> Task statement:
Your output should be everything below from the line containing "Porte d'entrée en" down to the line containing "Grand Hridey One Minute From Railway Station", both ends included, copied exactly, with pictures left out.

> Stored data:
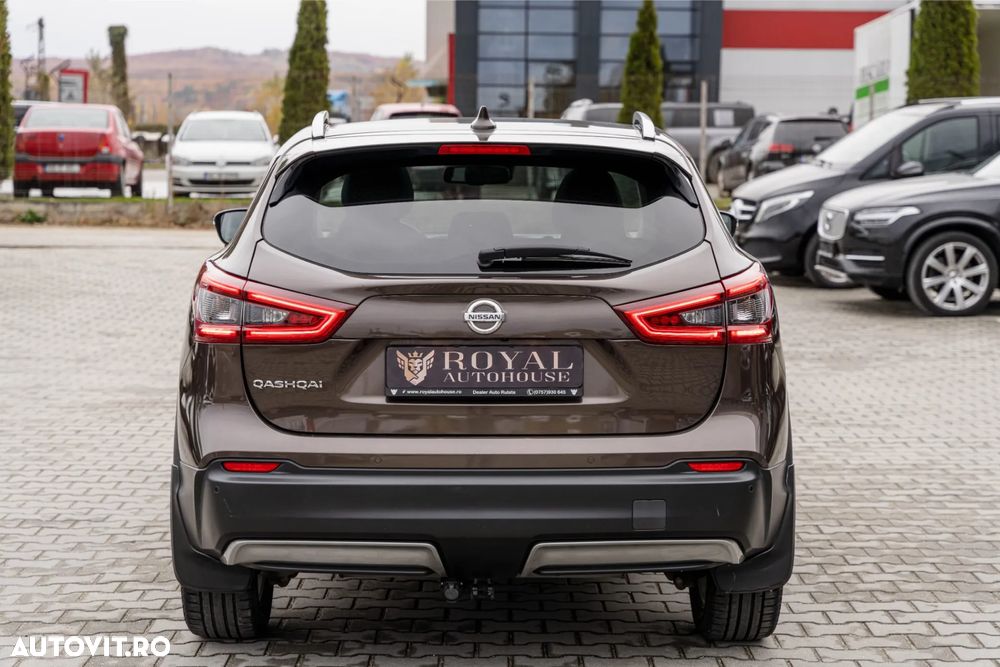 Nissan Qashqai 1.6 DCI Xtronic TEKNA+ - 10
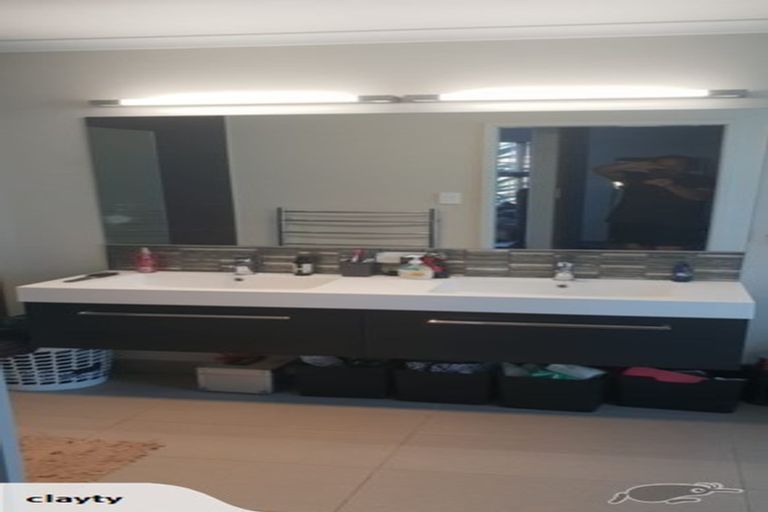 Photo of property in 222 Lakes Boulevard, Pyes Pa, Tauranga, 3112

---

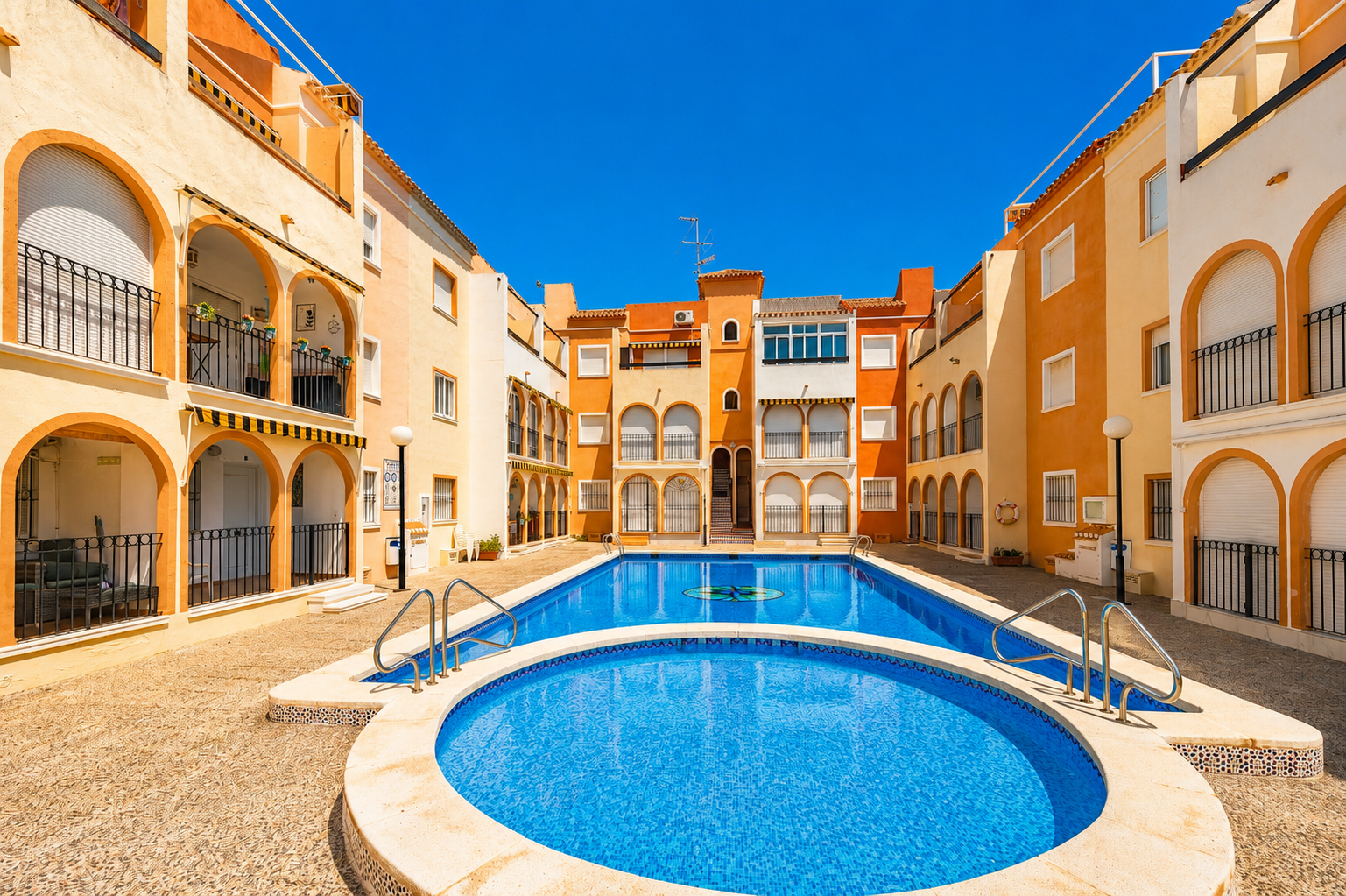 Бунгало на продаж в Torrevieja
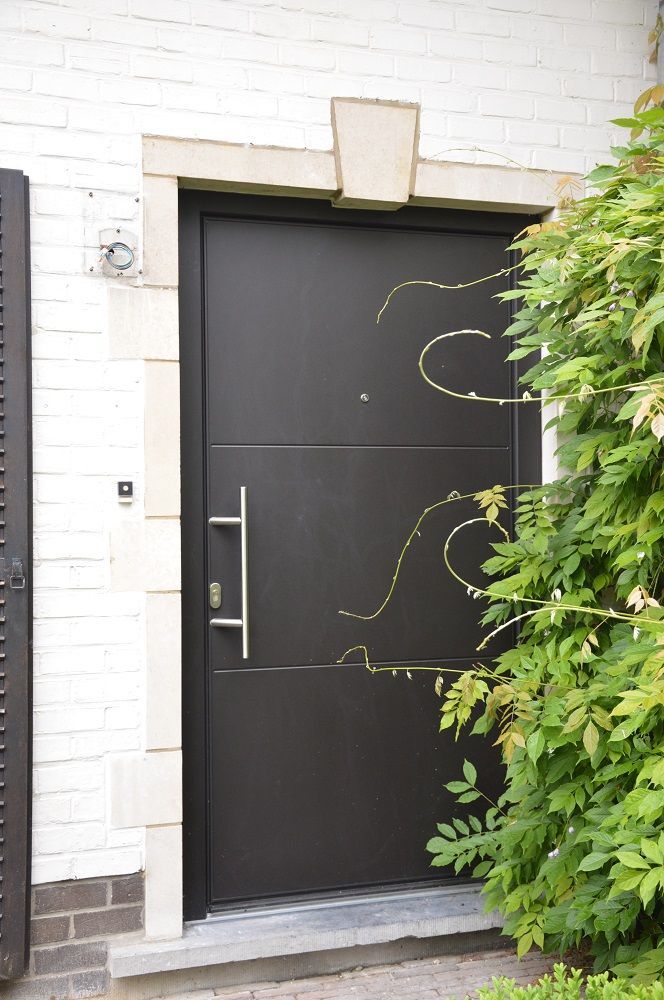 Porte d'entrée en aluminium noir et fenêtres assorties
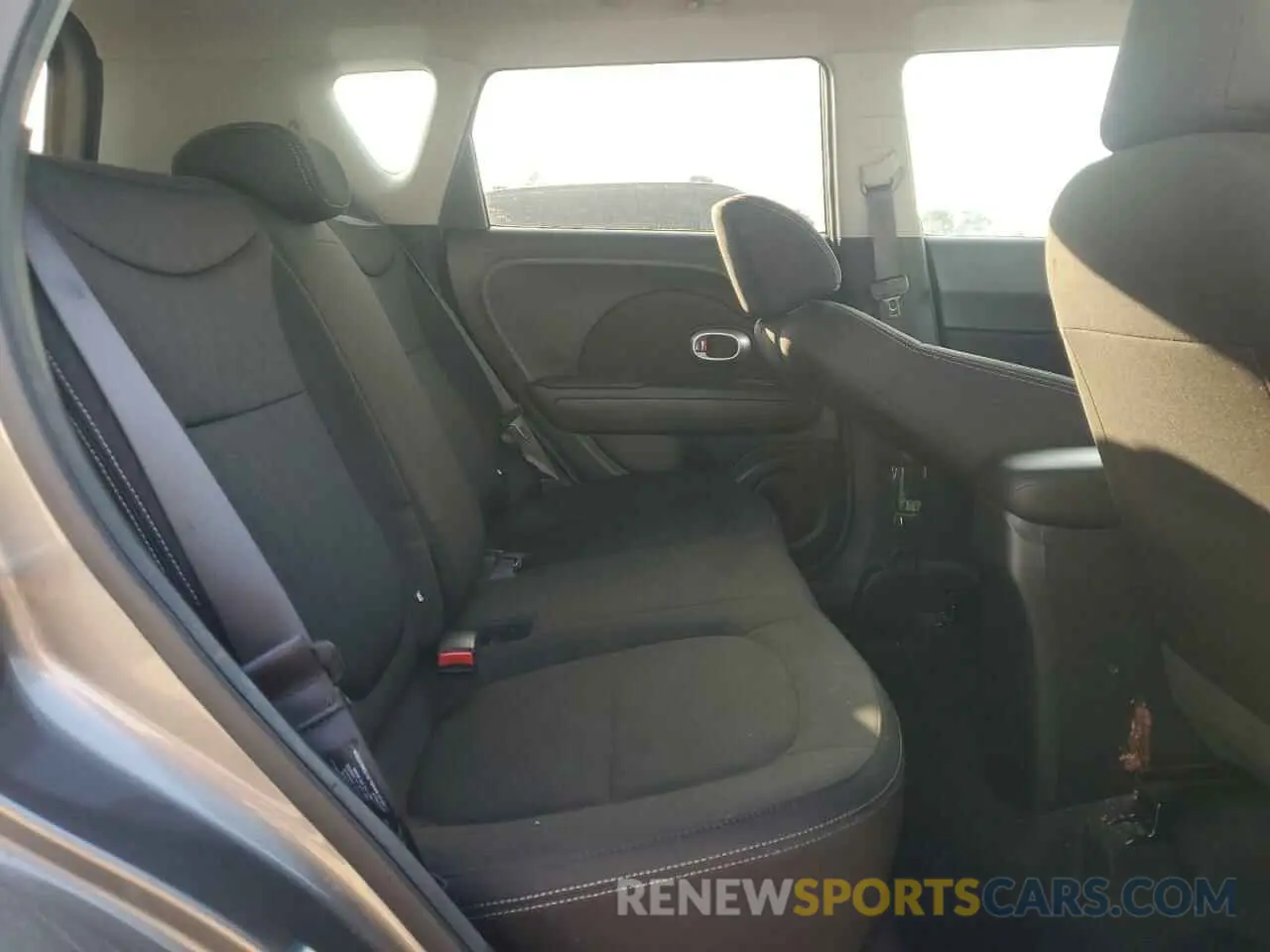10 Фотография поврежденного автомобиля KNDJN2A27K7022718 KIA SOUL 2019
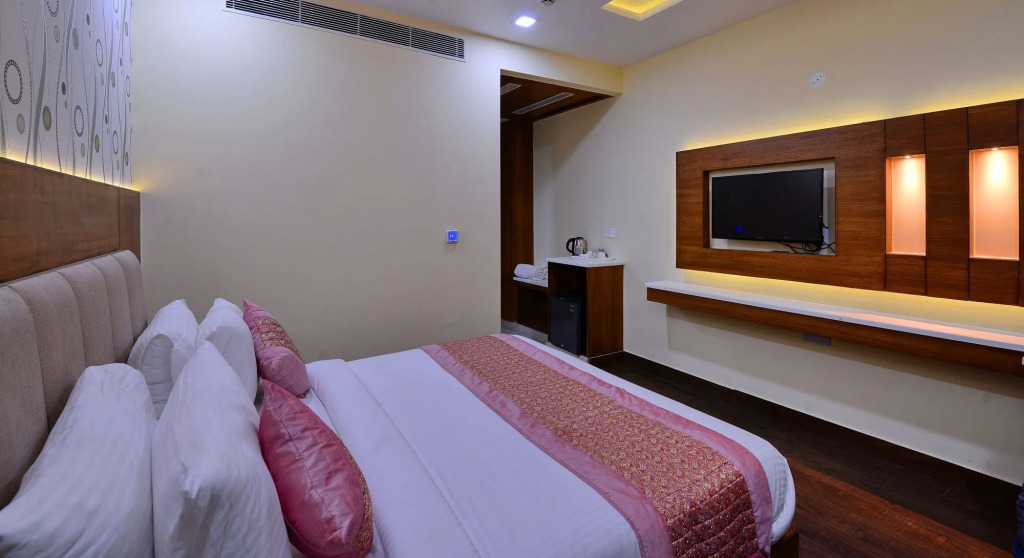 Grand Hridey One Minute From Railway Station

> Task answer:
 Porte d'entrée en aluminium noir et fenêtres assorties
10 Фотография поврежденного автомобиля KNDJN2A27K7022718 KIA SOUL 2019
 Grand Hridey One Minute From Railway Station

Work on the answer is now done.